◆ INPUT MATERIAL ◆

··········

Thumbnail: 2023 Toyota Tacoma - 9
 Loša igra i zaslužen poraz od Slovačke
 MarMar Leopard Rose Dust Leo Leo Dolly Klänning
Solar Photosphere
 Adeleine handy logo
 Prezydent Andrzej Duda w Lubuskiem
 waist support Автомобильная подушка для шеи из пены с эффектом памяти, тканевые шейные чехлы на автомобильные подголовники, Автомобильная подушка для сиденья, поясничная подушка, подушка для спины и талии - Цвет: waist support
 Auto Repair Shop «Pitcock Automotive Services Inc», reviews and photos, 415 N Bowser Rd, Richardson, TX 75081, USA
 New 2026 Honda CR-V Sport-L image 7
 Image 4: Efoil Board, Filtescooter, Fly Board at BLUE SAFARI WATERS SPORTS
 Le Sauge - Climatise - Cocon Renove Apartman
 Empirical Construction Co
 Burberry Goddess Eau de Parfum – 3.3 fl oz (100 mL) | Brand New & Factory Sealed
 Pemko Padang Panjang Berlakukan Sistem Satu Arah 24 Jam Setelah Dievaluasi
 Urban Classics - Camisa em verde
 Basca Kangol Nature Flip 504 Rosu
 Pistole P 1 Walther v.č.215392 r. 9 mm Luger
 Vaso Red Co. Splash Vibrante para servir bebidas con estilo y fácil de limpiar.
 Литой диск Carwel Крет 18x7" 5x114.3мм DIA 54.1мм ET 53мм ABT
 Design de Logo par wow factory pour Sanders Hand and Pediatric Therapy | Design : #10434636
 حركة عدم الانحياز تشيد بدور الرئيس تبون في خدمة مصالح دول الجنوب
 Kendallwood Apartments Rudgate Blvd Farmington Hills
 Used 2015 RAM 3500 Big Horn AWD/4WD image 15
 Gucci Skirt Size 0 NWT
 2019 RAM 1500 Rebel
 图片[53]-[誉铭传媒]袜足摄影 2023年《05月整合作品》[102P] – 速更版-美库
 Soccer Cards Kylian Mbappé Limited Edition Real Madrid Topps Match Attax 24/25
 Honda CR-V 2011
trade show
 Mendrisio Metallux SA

··········

◆ ACTIVITY ◆
Return exactly the lines in the records above, beginning with the one that holds "Burberry Goddess Eau" and ending with the last.

◆ OUTPUT ◆
 Burberry Goddess Eau de Parfum – 3.3 fl oz (100 mL) | Brand New & Factory Sealed
 Pemko Padang Panjang Berlakukan Sistem Satu Arah 24 Jam Setelah Dievaluasi
 Urban Classics - Camisa em verde
 Basca Kangol Nature Flip 504 Rosu
 Pistole P 1 Walther v.č.215392 r. 9 mm Luger
 Vaso Red Co. Splash Vibrante para servir bebidas con estilo y fácil de limpiar.
 Литой диск Carwel Крет 18x7" 5x114.3мм DIA 54.1мм ET 53мм ABT
 Design de Logo par wow factory pour Sanders Hand and Pediatric Therapy | Design : #10434636
 حركة عدم الانحياز تشيد بدور الرئيس تبون في خدمة مصالح دول الجنوب
 Kendallwood Apartments Rudgate Blvd Farmington Hills
 Used 2015 RAM 3500 Big Horn AWD/4WD image 15
 Gucci Skirt Size 0 NWT
 2019 RAM 1500 Rebel
 图片[53]-[誉铭传媒]袜足摄影 2023年《05月整合作品》[102P] – 速更版-美库
 Soccer Cards Kylian Mbappé Limited Edition Real Madrid Topps Match Attax 24/25
 Honda CR-V 2011
trade show
 Mendrisio Metallux SA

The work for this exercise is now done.